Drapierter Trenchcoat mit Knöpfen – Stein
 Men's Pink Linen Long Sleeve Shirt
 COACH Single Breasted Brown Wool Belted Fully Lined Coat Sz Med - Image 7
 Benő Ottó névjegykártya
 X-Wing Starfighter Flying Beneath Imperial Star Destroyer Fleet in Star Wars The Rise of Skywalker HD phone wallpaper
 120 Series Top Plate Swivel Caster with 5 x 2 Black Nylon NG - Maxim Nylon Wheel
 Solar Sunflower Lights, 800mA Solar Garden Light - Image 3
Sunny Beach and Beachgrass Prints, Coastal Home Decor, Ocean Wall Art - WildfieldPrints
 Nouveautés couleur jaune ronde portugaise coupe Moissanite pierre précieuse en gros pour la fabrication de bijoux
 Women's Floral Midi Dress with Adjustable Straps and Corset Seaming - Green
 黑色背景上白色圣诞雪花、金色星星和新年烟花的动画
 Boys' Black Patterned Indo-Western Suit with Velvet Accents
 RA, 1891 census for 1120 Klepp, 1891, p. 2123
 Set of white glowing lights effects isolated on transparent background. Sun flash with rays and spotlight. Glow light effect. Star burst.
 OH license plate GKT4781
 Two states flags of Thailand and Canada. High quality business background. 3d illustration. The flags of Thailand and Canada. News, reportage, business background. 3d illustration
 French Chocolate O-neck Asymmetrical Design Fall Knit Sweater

════════

## Your objective
Where a line of the entries above holds the word "with", return that line.

## Answer below
 120 Series Top Plate Swivel Caster with 5 x 2 Black Nylon NG - Maxim Nylon Wheel
 Women's Floral Midi Dress with Adjustable Straps and Corset Seaming - Green
 Boys' Black Patterned Indo-Western Suit with Velvet Accents
 Set of white glowing lights effects isolated on transparent background. Sun flash with rays and spotlight. Glow light effect. Star burst.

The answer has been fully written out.